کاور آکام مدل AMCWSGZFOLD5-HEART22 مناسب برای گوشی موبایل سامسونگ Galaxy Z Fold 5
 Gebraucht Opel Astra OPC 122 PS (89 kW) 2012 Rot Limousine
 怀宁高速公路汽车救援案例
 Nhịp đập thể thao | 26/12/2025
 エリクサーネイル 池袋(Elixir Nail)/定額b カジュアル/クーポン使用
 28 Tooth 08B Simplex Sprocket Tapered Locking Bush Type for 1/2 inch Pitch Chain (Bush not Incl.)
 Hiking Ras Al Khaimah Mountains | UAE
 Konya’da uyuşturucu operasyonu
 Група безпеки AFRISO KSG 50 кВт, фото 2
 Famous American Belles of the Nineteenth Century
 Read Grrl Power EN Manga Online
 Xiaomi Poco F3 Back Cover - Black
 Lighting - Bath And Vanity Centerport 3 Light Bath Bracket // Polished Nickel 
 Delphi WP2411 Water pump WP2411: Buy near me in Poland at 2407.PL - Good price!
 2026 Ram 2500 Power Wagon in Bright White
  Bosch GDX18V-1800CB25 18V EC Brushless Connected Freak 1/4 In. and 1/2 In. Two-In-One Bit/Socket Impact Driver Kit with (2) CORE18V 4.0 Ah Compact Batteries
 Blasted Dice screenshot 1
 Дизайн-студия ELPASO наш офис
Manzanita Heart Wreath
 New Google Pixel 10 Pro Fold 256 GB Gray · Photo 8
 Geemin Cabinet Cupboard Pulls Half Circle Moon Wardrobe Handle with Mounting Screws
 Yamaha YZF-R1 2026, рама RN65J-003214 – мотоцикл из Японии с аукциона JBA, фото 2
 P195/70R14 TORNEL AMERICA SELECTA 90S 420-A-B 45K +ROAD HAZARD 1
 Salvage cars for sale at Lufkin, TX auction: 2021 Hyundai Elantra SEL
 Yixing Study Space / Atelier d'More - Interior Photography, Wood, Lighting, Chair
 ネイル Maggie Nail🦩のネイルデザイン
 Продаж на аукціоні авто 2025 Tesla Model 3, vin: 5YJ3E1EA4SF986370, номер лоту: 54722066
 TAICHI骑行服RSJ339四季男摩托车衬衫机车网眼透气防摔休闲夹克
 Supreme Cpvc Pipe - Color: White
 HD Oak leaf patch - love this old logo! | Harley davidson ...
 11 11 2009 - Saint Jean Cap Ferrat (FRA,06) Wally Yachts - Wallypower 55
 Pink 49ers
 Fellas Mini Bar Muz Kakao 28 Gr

.....

Action item: Which lines above include the word "Nail"? Show each one.

Your response:
 エリクサーネイル 池袋(Elixir Nail)/定額b カジュアル/クーポン使用
 ネイル Maggie Nail🦩のネイルデザイン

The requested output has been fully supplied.